Profitability Diagnostic & Cost Driver Analysis

Data Analytics & Automation, Financial Modelling, Business Insights & Performance|DI|

Profitability Diagnostic & Cost Driver Analysis

Uncovering true profitability: how one business transformed pricing strategy with data-driven insights

For many growing businesses, profitability is more complex than revenue minus expenses. When services are bundled, teams wear multiple hats, and data sits in disconnected systems, it's easy to lose sight of what’s really driving, or draining, margin.


This was the case for a growing service-based business with multiple revenue streams spanning software, consulting, and ongoing client support. While the business was expanding steadily, the founders had a lingering concern: Which services were truly profitable? Were some clients inadvertently costing more than they brought in? Their bundled pricing model included support by default, but there was no clear way to assess its impact on profitability.


From Fragmented Data to Financial Clarity


To answer these questions, I first consolidated data from across their operational and financial systems, including payment platforms, accounting software, and time-tracking tools. The goal was simple: create a single source of truth that could show exactly how time, effort, and costs were being distributed across service lines and clients.


Key steps in the analysis included:

  • Distinguishing billable vs non-billable effort

  • Allocating shared overhead and delivery costs proportionally across service offerings

  • Mapping each revenue stream and client engagement to its associated resource cost

  • Developing a dynamic margin model that calculated per-client and per-service profitability


Visualising the Insights


Once the model was built, I developed a set of visual analytics tools to bring the numbers to life. These included:

  • Client-level bar charts showing profit and margin

  • Service-line bridges highlighting underperforming areas

  • Variance analysis to flag unexpected margin dips


The visual approach made it easier for founders to quickly understand which clients and services were sustaining the business—and which ones were quietly eroding profitability.


Turning Insight into Action


With a clearer picture in hand, the leadership team could now identify areas where pricing and service models were not aligned with true costs. The profitability model and visual dashboards gave them the ability to review different options with confidence, such as reassessing low-value tiers or exploring value-based pricing alternatives.


The client made the tools part of their monthly business review and reporting process.

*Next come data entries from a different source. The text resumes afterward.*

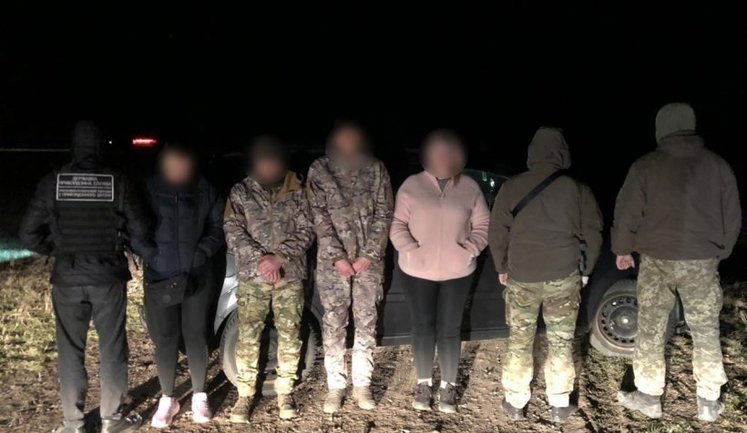 Жительница Одесской области пыталась переправить тандем "липовых" военных за границу. ФОТО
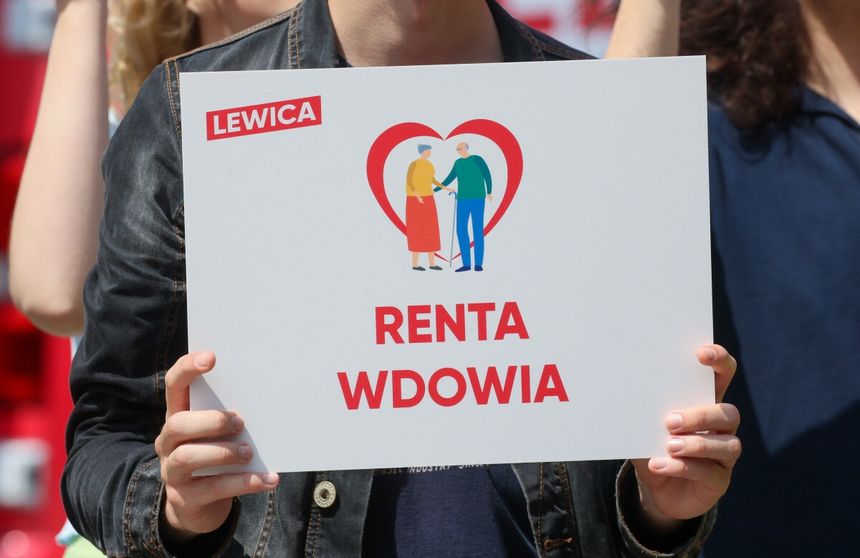 tabliczka z napisem renta wdowia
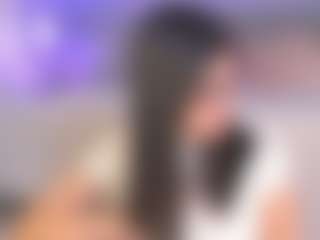 Show de câmera ao vivo com Curvy Corinne - Latina Teen (18+) no Camsoda | colombia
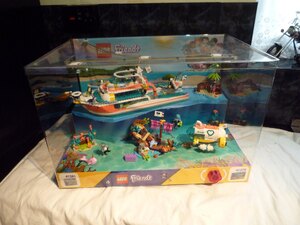 Lego Friends Sets 41381 and 41378 in Ex Shop Display Case with Lights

They emphasised the importance of having clear visibility over client- and service-level profitability, and used the deliverables as an input into ongoing pricing and margin management discussions.

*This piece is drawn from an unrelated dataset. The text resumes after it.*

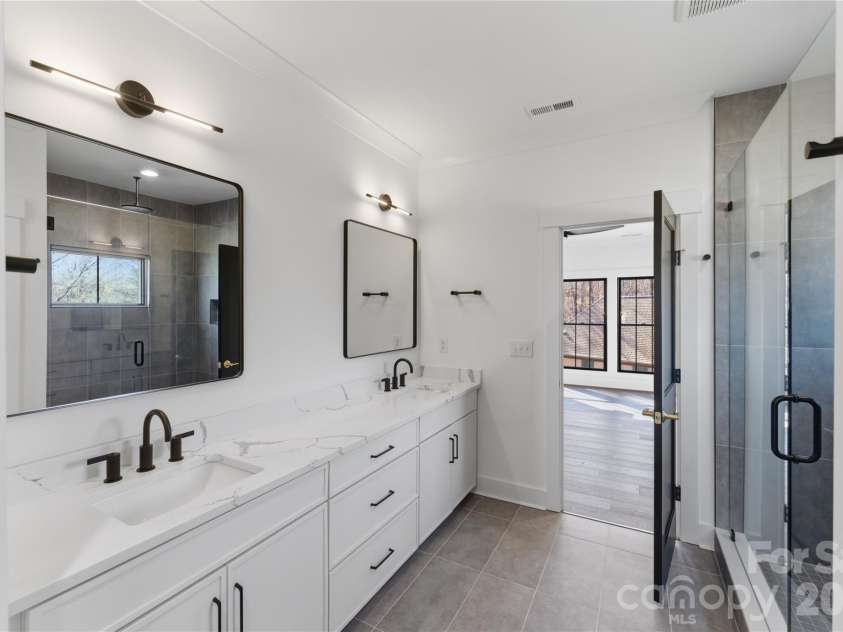 9408 Greyson Ridge Drive, Charlotte, NC 28277.  MLS# CAR4354369, YatesRealty ID 24754. Primary Bath 1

The outputs became a foundation for:

  • Reviewing client-level profitability in monthly performance meetings

  • Testing pricing strategies through scenario modelling

  • Supporting long-term planning with greater margin visibility


Key Tools and Skills Applied

  • SQL Server: for structured data consolidation and transformation

  • Excel: for cost modelling, margin calculations, and scenario analysis

  • Visual analytics: to drive data-led decision-making

  • Strategic pricing frameworks: to shift from bundled cost-plus pricing to value-based models


Conclusion


This engagement is a powerful reminder that when it comes to profitability, what you don’t see can hurt you. With the right data strategy and margin visibility, businesses can make smarter decisions, focus on what truly adds value, and scale sustainably, with confidence in every client relationship.